Rum Pouring From a Once Used Bourbon Cask |
There's no shortage of bourbon barrel-aged
wines and beers, but recent years have shown a trend of sharing between
bourbons, wines and beers. Today,
tequila is also jumping on the band wagon aging many of their expressions in
the once used bourbon casks.
You won't find bourbon notes in a bottle
of Tabasco, but one of the pioneers for using bourbon barrels in the food
industry, Tabasco's regular pepper sauce is aged for three years in oak, the Reserve
sauce spends eight years in the barrel. Since bourbon is essentially the only
industry still using oak that's deemed Kosher, Tabasco purchases all of its
barrels from whiskey companies. When
the used barrels arrive in the hot Louisiana warehouse, the workers will fill them
with water and sweat them. Tabasco
workers grind out the char, place their own metal hoops around the barrel, and
create a valve on the barrelhead to allow the mash to ferment. They add salt to
the barrelhead, too, to form a hard crust when fermentation is complete. After
Tabasco adds vinegar in the manufacturing process, one barrel of pepper mash
yields 10,000 2-ounce bottles. And much like the bourbon-making process,
there's no speeding up the aging process.

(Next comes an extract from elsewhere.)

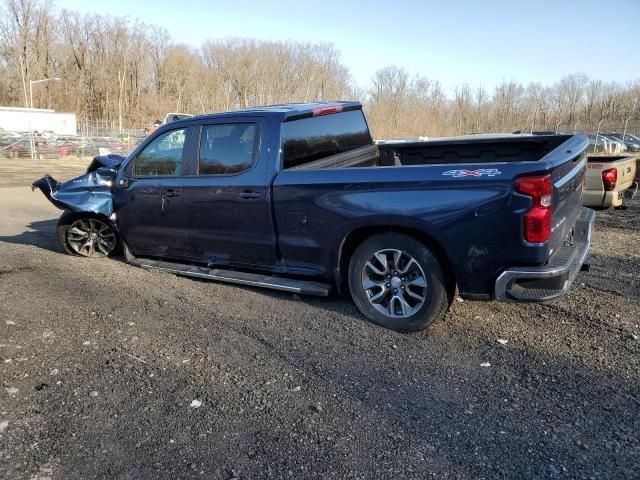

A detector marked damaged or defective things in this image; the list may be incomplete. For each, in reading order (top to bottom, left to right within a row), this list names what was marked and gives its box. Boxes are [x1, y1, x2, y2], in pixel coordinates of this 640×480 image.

"We've tried bulk aging, aging in fiber glass and different
containers, but that wood barrel is what works best for us. "The mash breathes in the wood." Also like bourbon, the Tabasco barrels absorb
much of the product's essence. Over the Tabasco barrel lifetime of 55 to 80
years, that's a lot of pepper mash.
It never ceases to amaze me the places that
the once used bourbon barrels end up.
The rum industry has used them for many years, but they are finding
their way into so many other places. The
trading back and forth of the barrels between beer and rum companies or beer
and wine companies also happens to these barrels.